**About this exercise**
No pictures go into the copy. Write out every line below exactly.

Brief descriptive captions:
*** Block opens ***

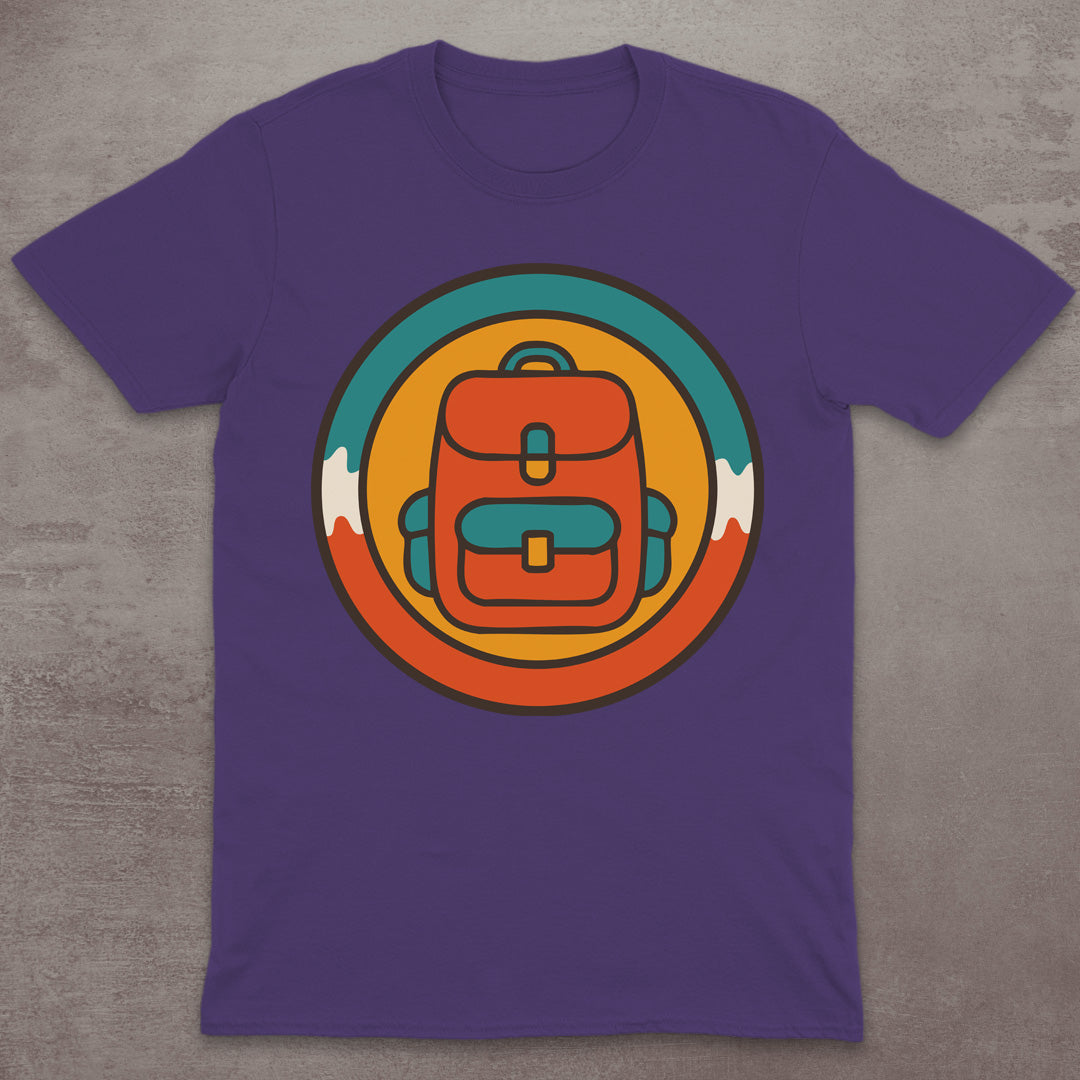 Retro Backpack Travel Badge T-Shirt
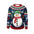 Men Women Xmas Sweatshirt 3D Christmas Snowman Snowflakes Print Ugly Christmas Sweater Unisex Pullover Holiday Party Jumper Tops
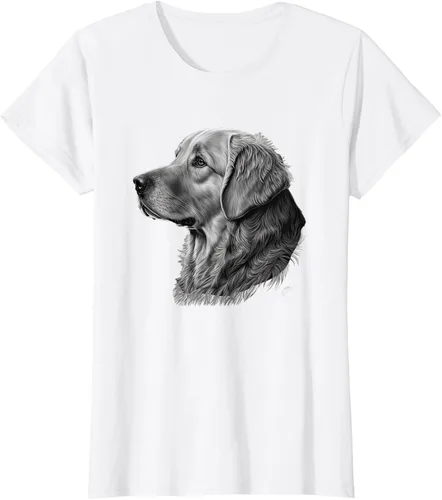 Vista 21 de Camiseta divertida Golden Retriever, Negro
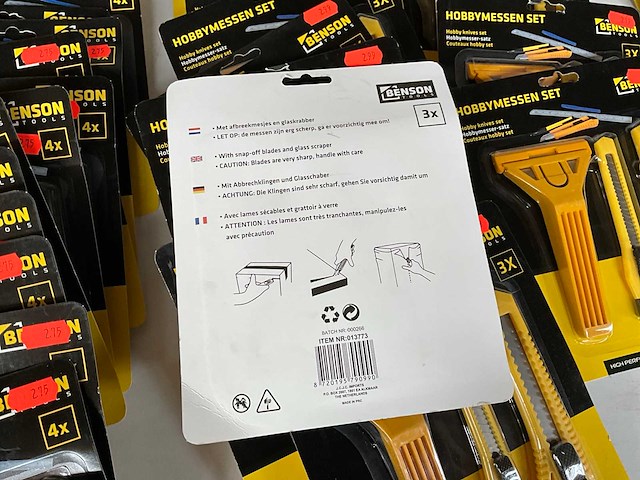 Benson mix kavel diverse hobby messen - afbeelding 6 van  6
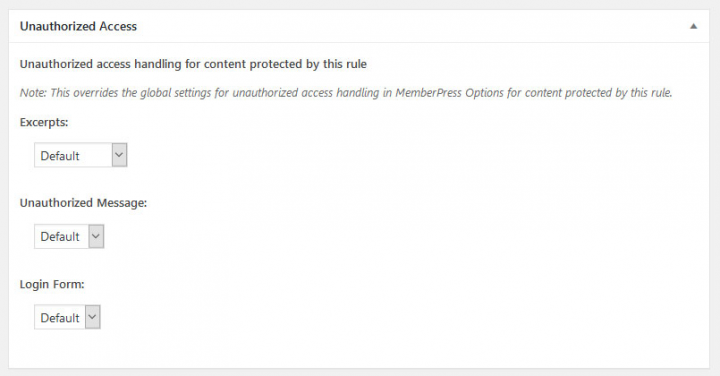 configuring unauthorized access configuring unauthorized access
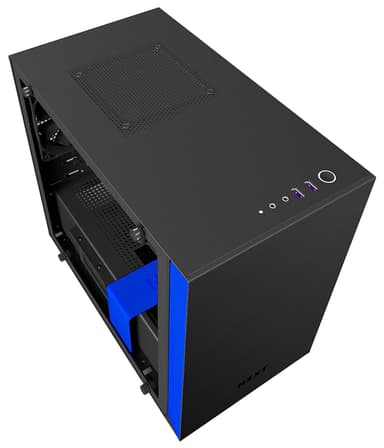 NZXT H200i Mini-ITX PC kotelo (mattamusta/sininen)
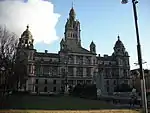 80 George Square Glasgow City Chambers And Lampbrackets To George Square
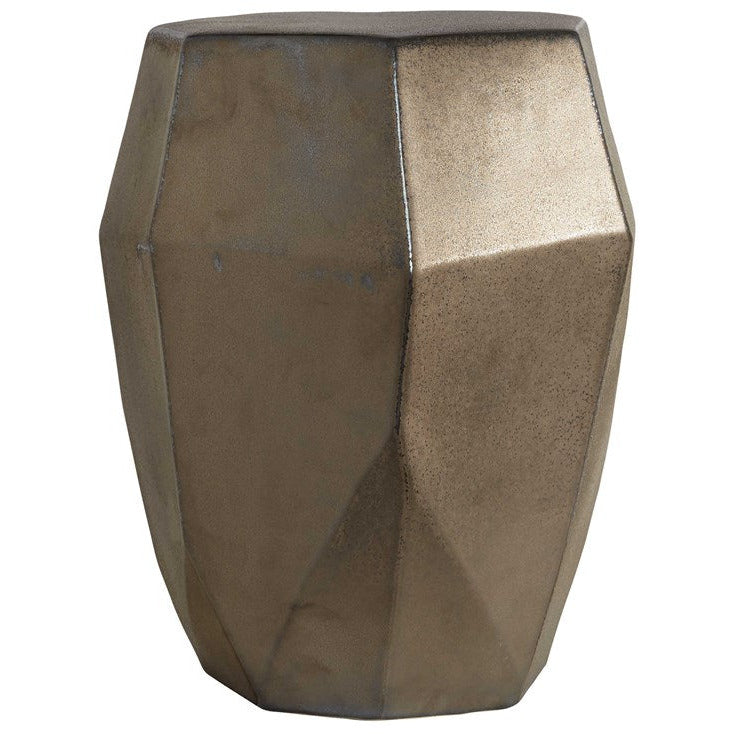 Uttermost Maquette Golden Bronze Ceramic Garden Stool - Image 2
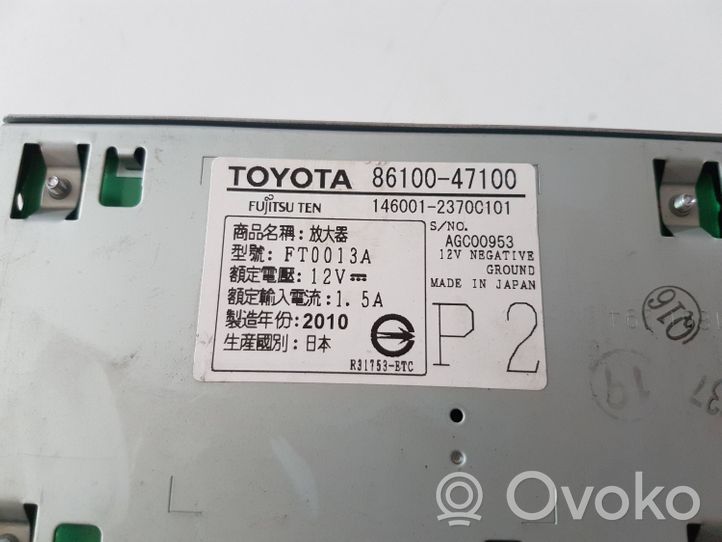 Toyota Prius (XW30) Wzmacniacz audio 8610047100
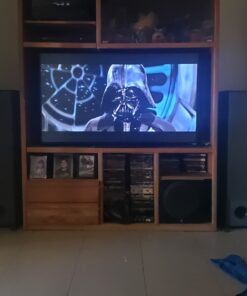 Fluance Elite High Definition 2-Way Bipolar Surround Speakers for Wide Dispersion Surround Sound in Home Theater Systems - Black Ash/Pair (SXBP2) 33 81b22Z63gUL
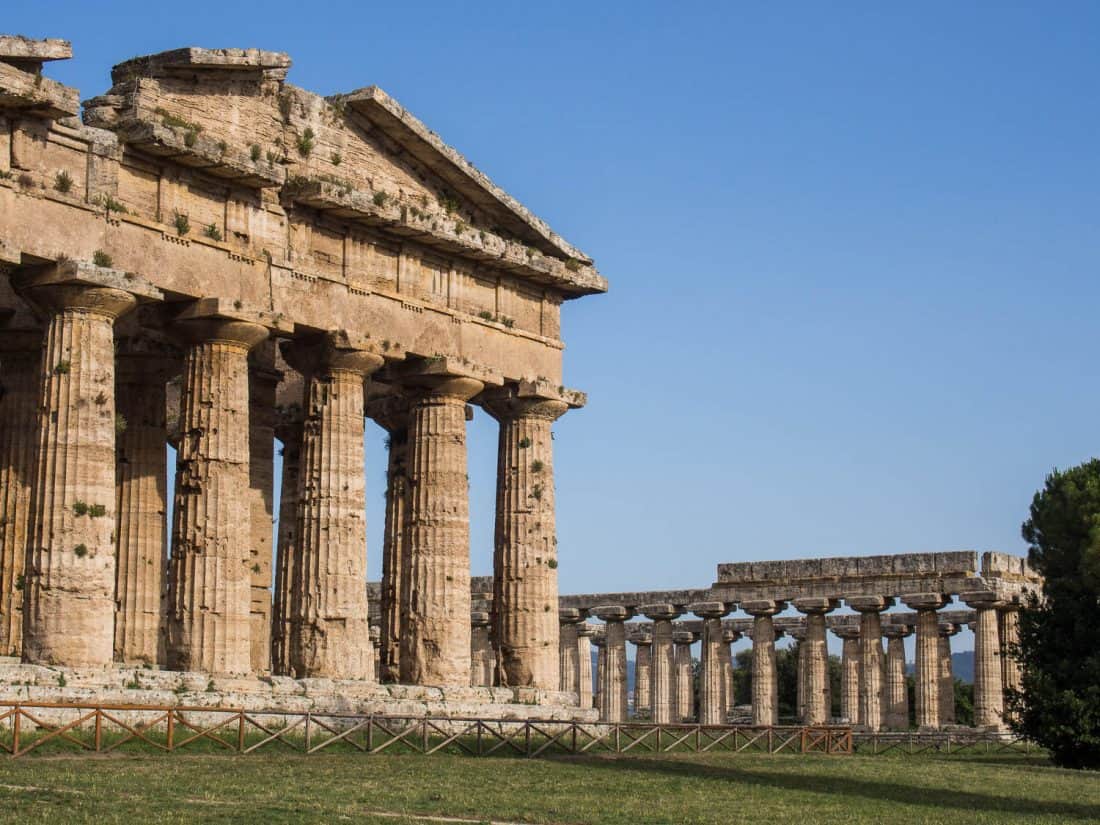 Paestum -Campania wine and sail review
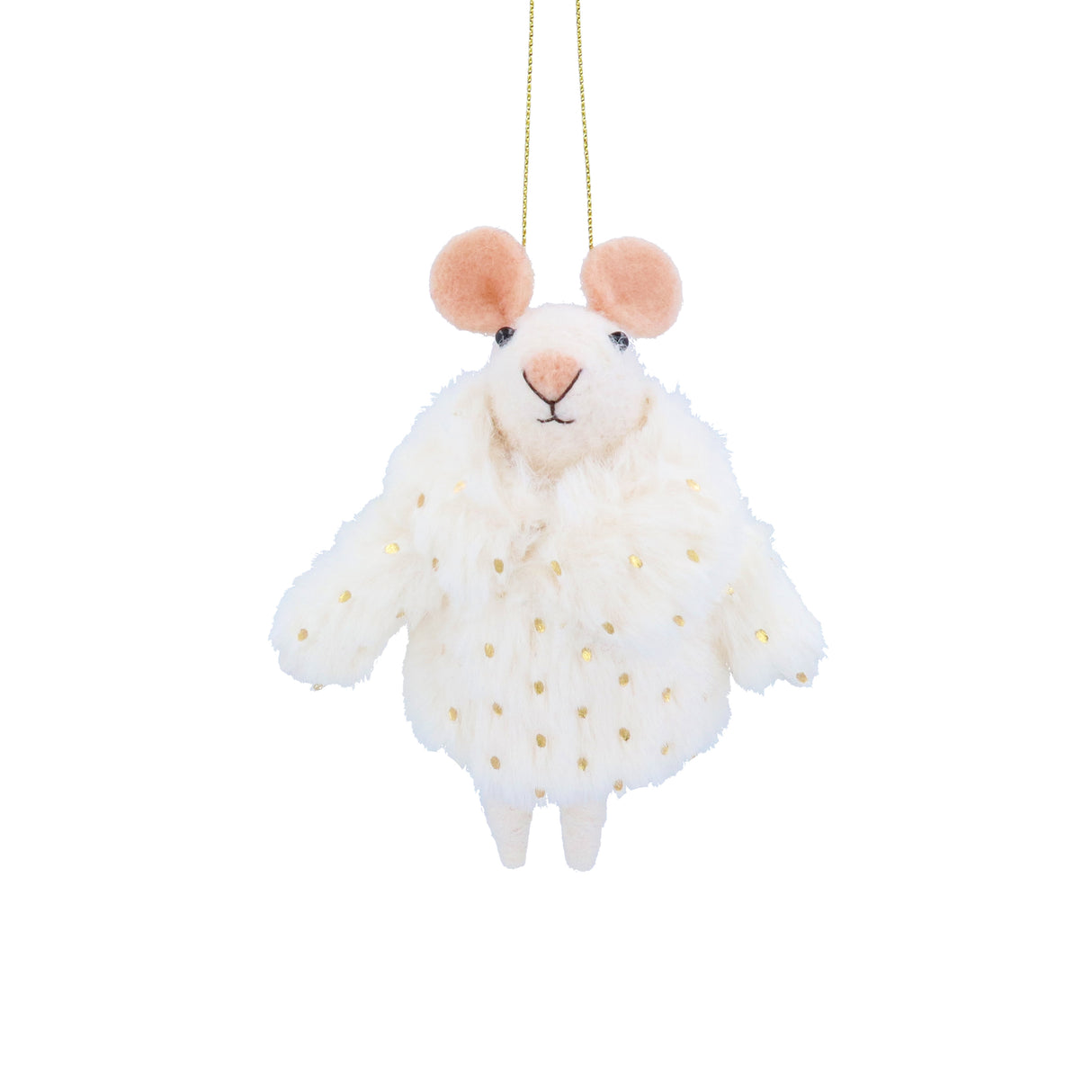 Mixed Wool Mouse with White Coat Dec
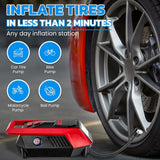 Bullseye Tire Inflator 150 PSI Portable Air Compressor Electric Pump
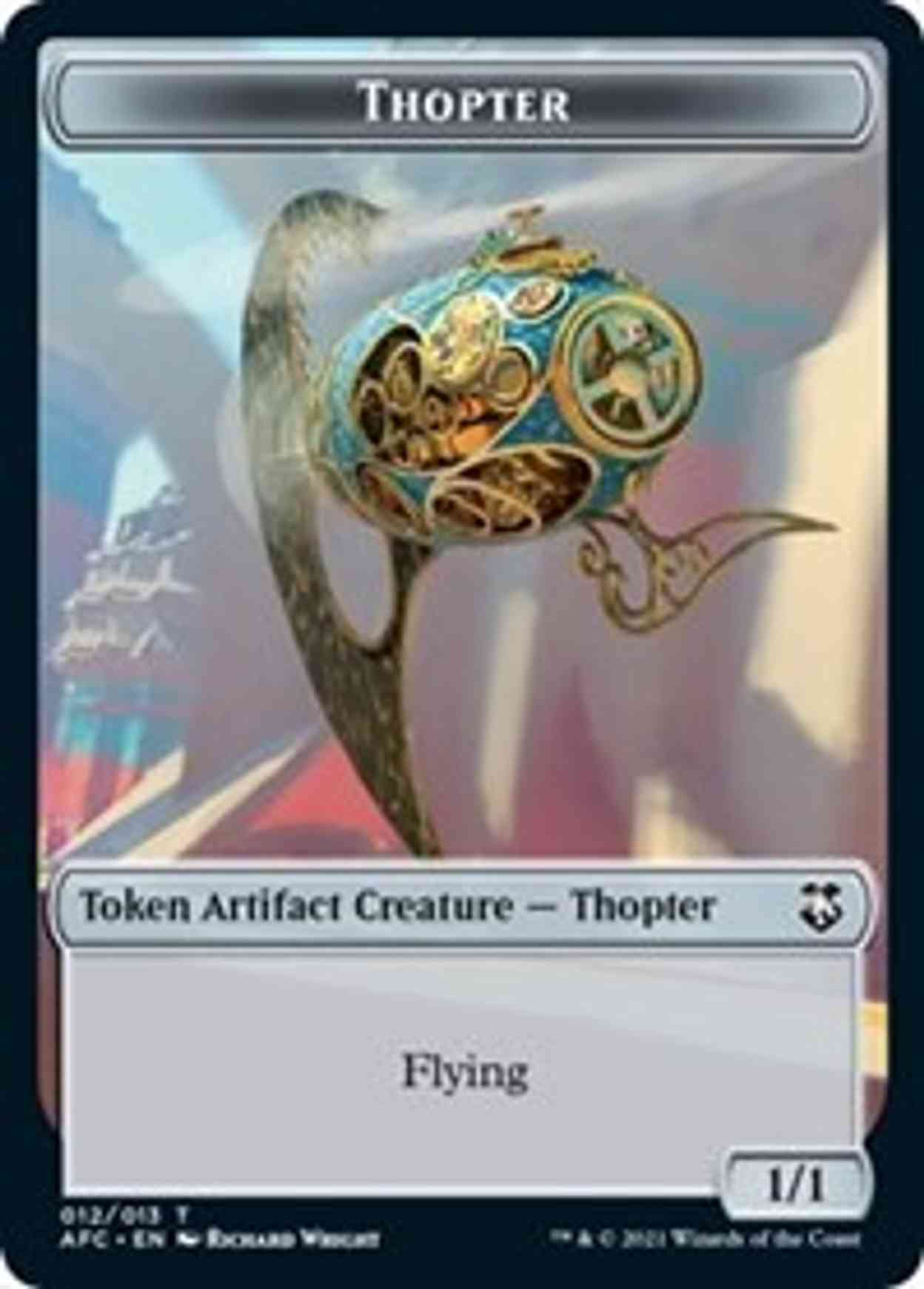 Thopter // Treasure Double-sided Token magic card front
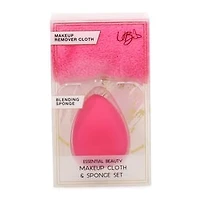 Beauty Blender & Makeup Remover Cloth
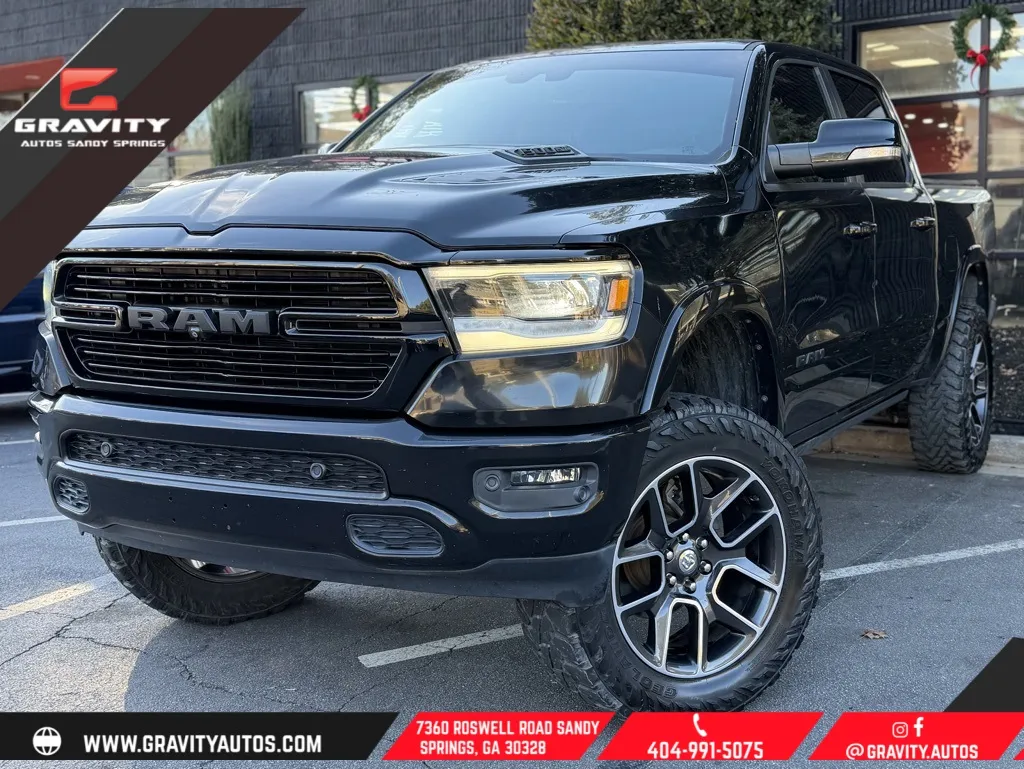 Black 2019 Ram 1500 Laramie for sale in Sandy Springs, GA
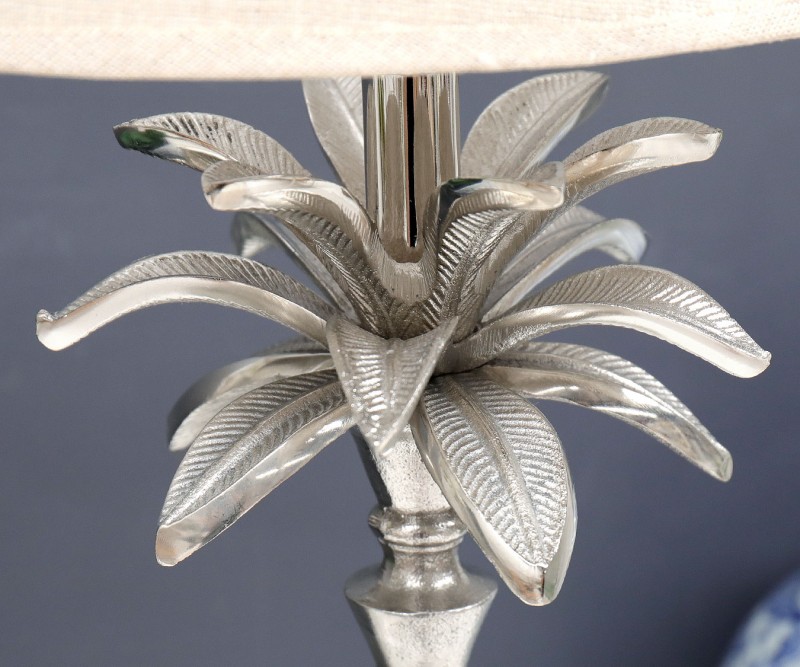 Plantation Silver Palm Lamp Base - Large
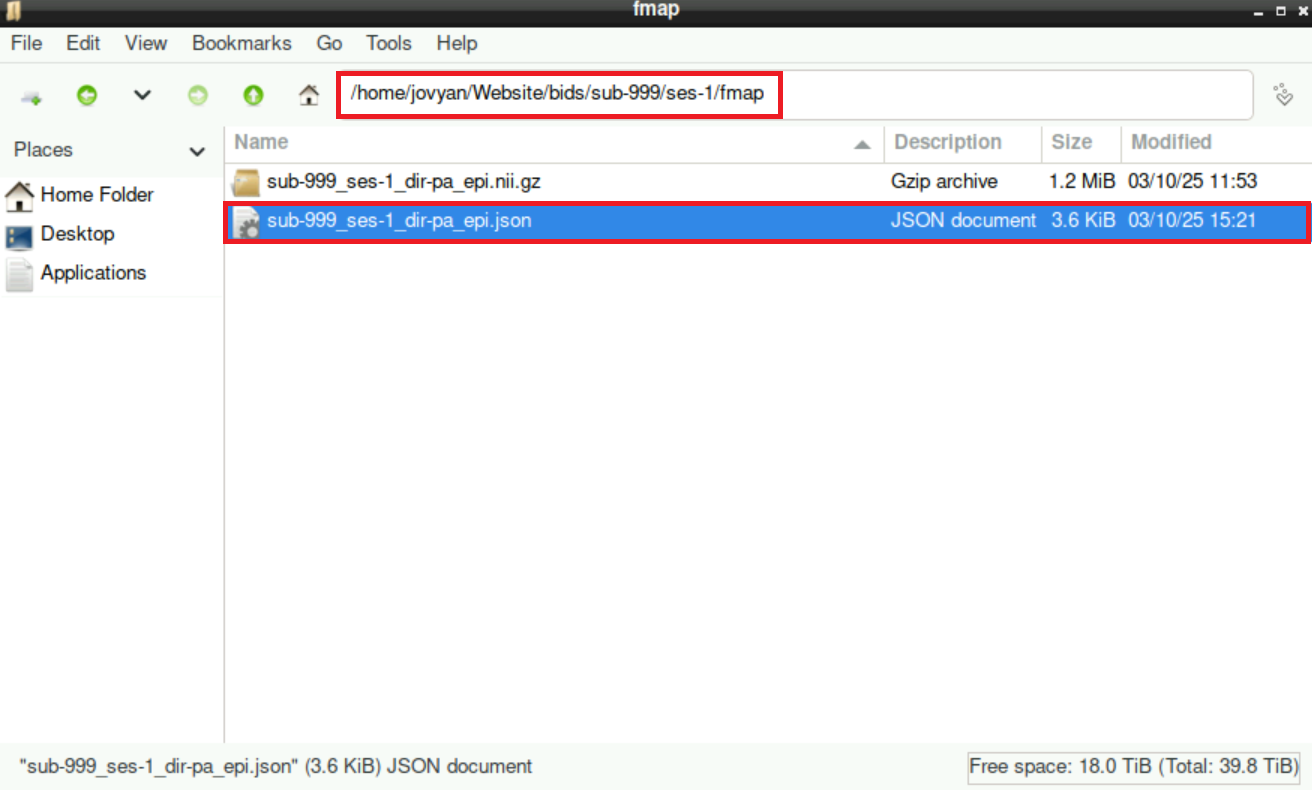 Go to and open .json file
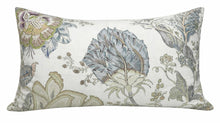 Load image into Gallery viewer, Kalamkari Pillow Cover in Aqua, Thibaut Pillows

*** Block closes ***

**Answer area**
 Retro Backpack Travel Badge T-Shirt
 Men Women Xmas Sweatshirt 3D Christmas Snowman Snowflakes Print Ugly Christmas Sweater Unisex Pullover Holiday Party Jumper Tops
 Vista 21 de Camiseta divertida Golden Retriever, Negro
 Benson mix kavel diverse hobby messen - afbeelding 6 van  6
 configuring unauthorized access configuring unauthorized access
 NZXT H200i Mini-ITX PC kotelo (mattamusta/sininen)
 80 George Square Glasgow City Chambers And Lampbrackets To George Square
 Uttermost Maquette Golden Bronze Ceramic Garden Stool - Image 2
 Toyota Prius (XW30) Wzmacniacz audio 8610047100
 Fluance Elite High Definition 2-Way Bipolar Surround Speakers for Wide Dispersion Surround Sound in Home Theater Systems - Black Ash/Pair (SXBP2) 33 81b22Z63gUL
 Paestum -Campania wine and sail review
 Mixed Wool Mouse with White Coat Dec
 Bullseye Tire Inflator 150 PSI Portable Air Compressor Electric Pump
 Thopter // Treasure Double-sided Token magic card front
 Beauty Blender & Makeup Remover Cloth
 Black 2019 Ram 1500 Laramie for sale in Sandy Springs, GA
 Plantation Silver Palm Lamp Base - Large
 Go to and open .json file
 Load image into Gallery viewer, Kalamkari Pillow Cover in Aqua, Thibaut Pillows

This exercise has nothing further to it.